I saw a bit of that when The Age sent one of its most lyrical writers about Australian Rules Football to write about a FFA Cup match. If anyone reads Martin Flanagan he writes often of the history of Aussie Rules and the AFL, it’s indigenous traditions and past. It was fascinating reading something similar about Association Football.
The main feeling you get about South Springvale Football Club is its closeness. Its star striker, 20-year-old Hameed Ali, is a very quiet young man. Asked what he likes about the club, he says, “They take such good care of you.” Alex Florea, the young man who arrives for training wearing crystal pendants and medallions around his neck to ward off negative energies, puts it this way: “When you love something, you do it unconditionally. You don’t expect anything in return. That’s how it is here – we don’t even get paid.”

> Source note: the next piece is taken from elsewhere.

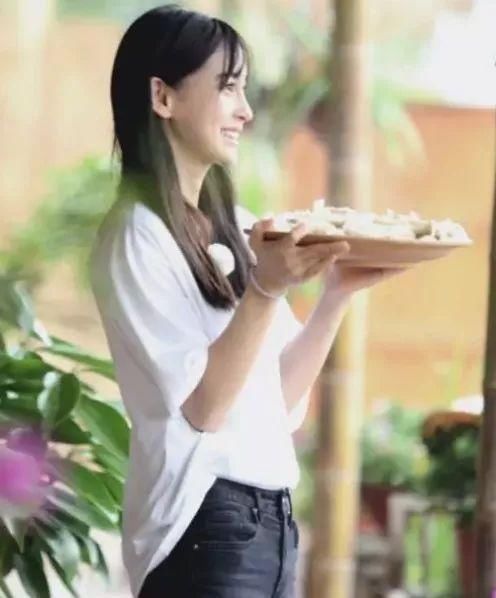 baby假吃，迪丽热巴强凹吃货人设，女明星为了减肥都怎么了?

These are the ‘Western Bulldogs’ type of stories that only truly community clubs can generate.
While a break from the past may have been necessary twelve years ago, we have now moved on where persisting in excluding traditional teams is illogical and in fact is a loss to the advancement of football in Australia.
Communities that love football and have nurtured it for the past half a century is an asset that has to be included and made felt welcome by the FFA. The creation of a competition where current A-League teams and traditional teams feel are part of something all together through a promotion and relegation system can create something unique in the Australian sporting landscape.
The FFA should not be scared of identities that are NESB. As a first step it should abandon the NCIP, they will see that the sky will not fall down. And then institute a plan for a promotion/relegation system that is viable and sustainable.
Then also Association Football in Australia can have its good vibe stories.